## [What is expected]
Only some lines are wanted: please transcribe exactly those from the one containing "office 340 Sq." through the end of the data, pictures excluded.

## [Provided information]

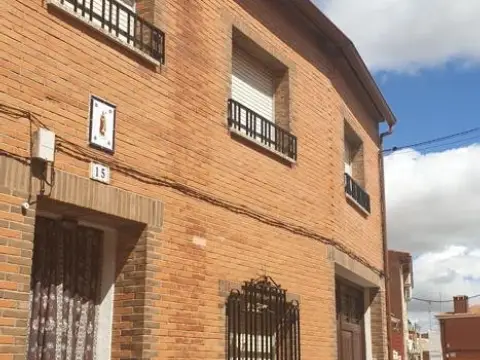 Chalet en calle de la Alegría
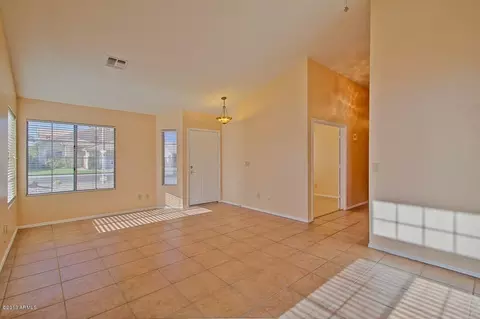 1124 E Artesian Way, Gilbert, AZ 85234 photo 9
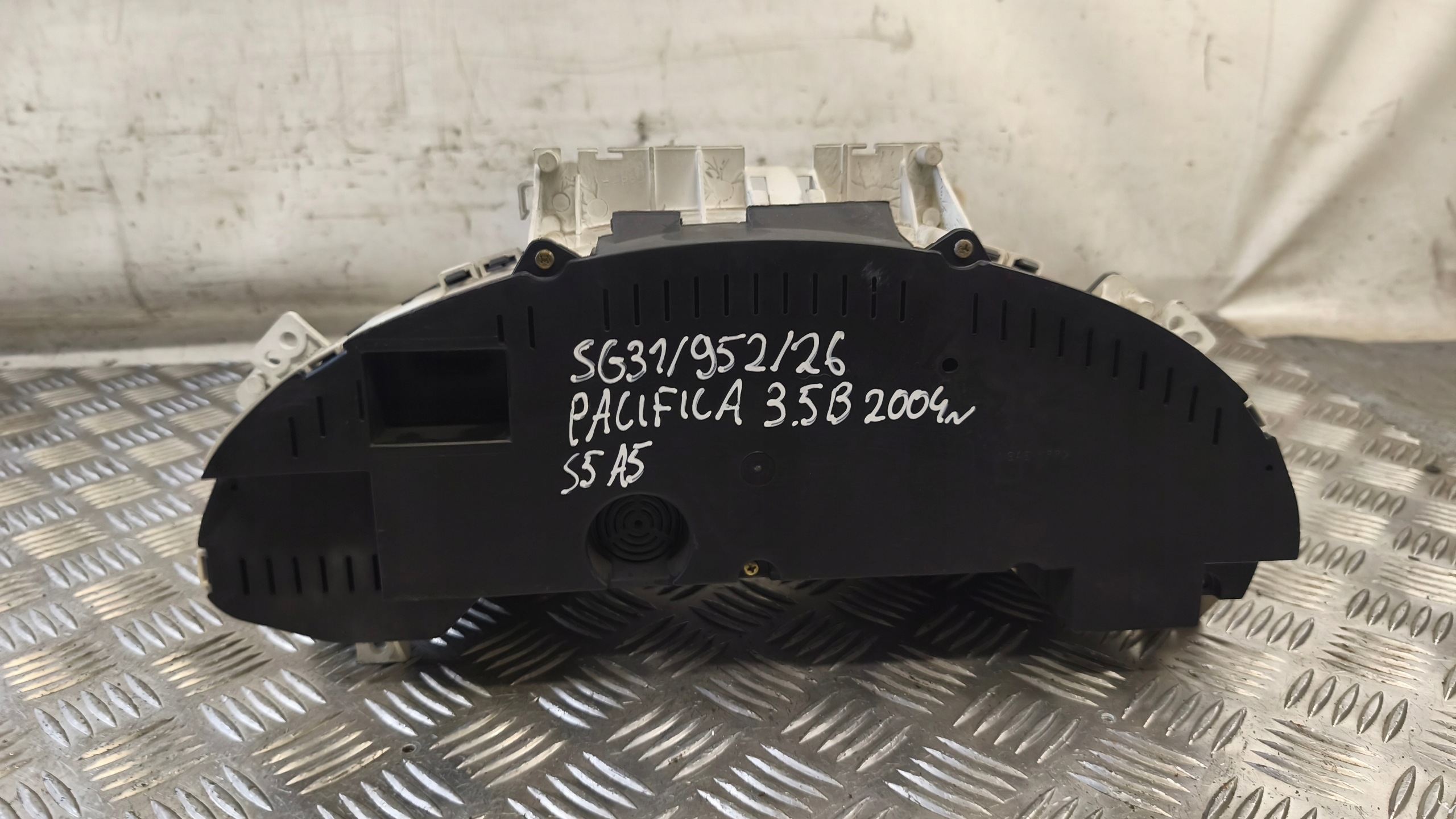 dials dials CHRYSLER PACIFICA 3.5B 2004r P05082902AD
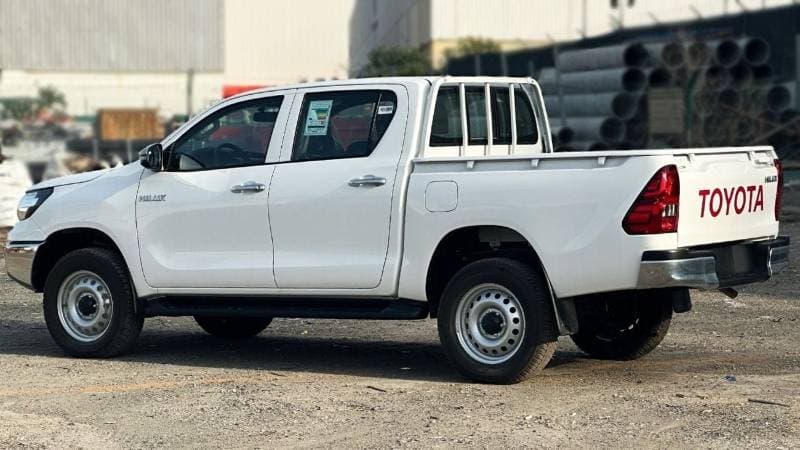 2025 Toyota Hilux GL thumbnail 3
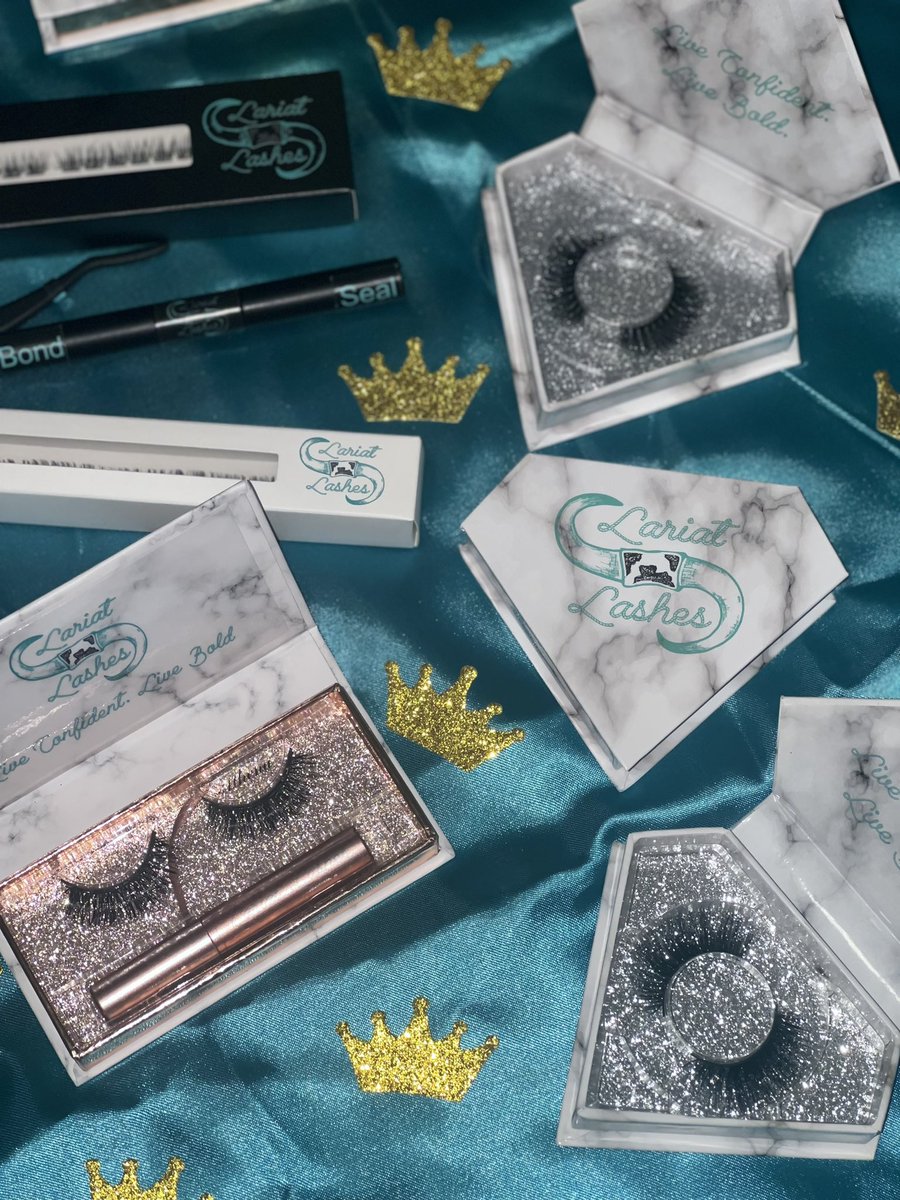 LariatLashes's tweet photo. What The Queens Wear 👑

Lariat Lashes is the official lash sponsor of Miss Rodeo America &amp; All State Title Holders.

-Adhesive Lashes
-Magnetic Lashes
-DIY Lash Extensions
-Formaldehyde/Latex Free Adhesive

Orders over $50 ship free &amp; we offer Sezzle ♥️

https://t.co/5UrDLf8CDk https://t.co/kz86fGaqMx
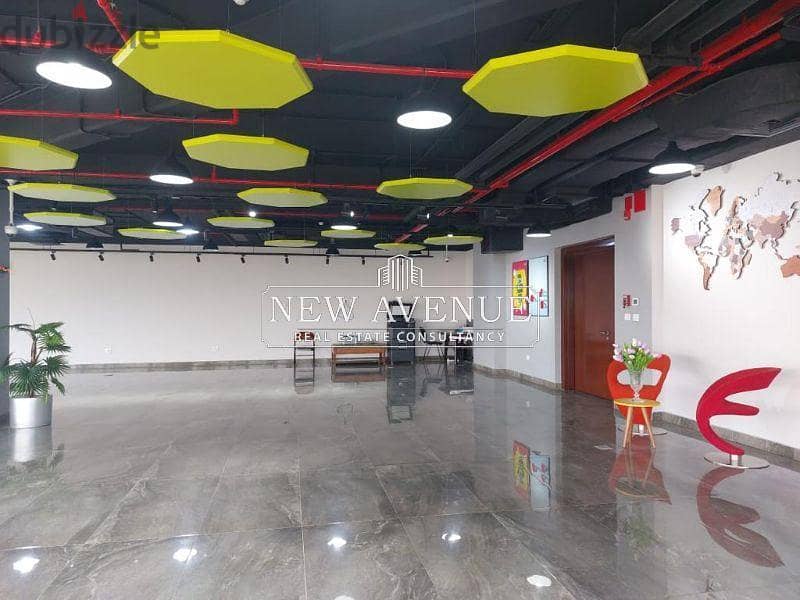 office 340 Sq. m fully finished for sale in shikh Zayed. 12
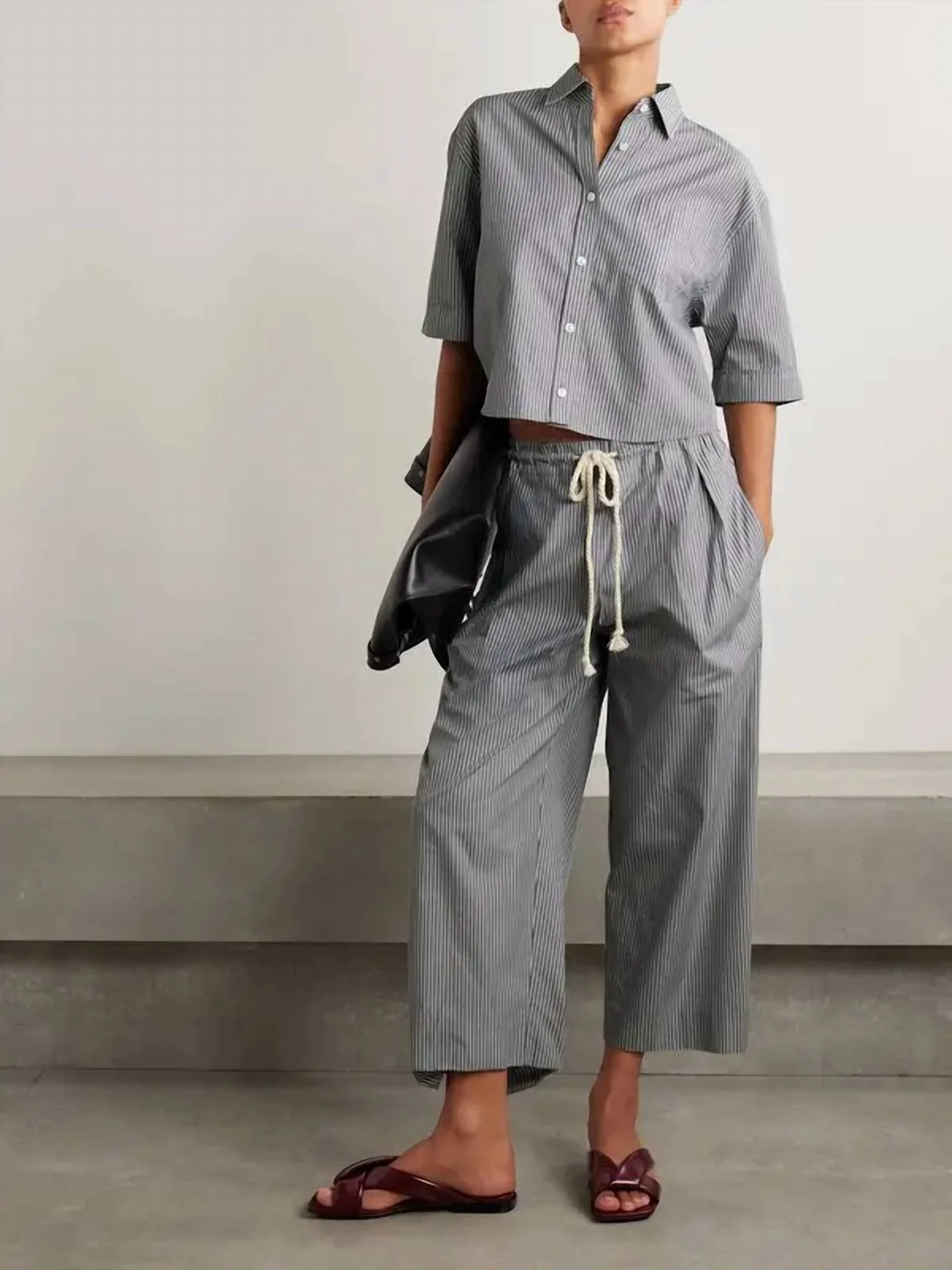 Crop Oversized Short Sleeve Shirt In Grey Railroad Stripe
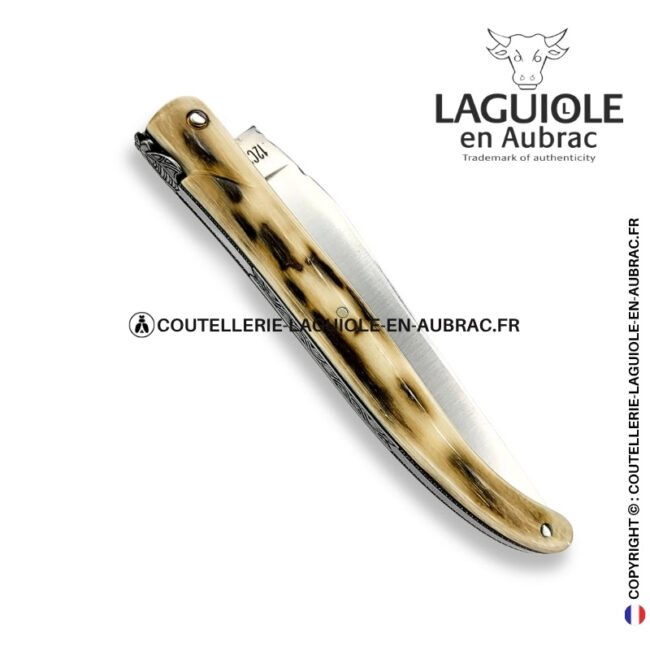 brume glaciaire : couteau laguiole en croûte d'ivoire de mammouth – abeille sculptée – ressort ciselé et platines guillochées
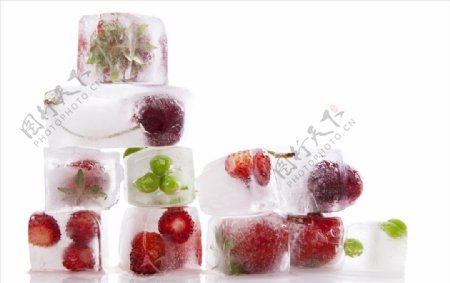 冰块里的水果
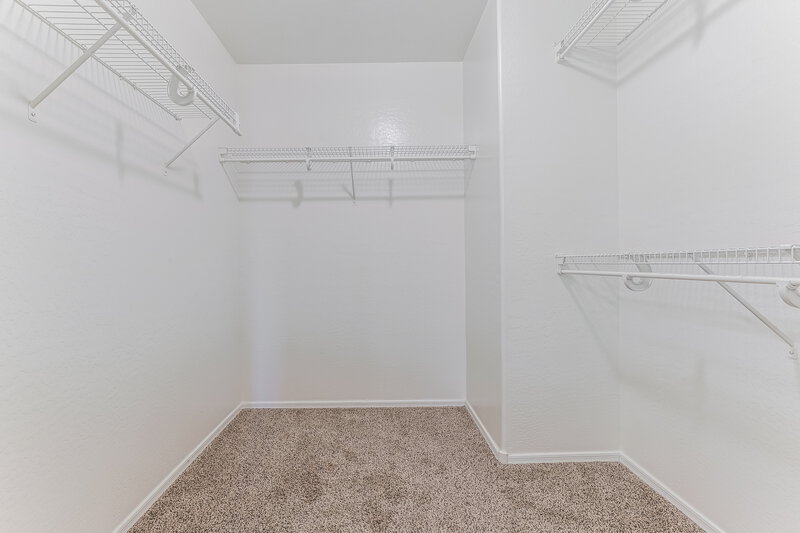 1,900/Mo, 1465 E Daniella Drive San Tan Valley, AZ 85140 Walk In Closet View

## [Response for this exercise]
 office 340 Sq. m fully finished for sale in shikh Zayed. 12
 Crop Oversized Short Sleeve Shirt In Grey Railroad Stripe
 brume glaciaire : couteau laguiole en croûte d'ivoire de mammouth – abeille sculptée – ressort ciselé et platines guillochées
 冰块里的水果
 1,900/Mo, 1465 E Daniella Drive San Tan Valley, AZ 85140 Walk In Closet View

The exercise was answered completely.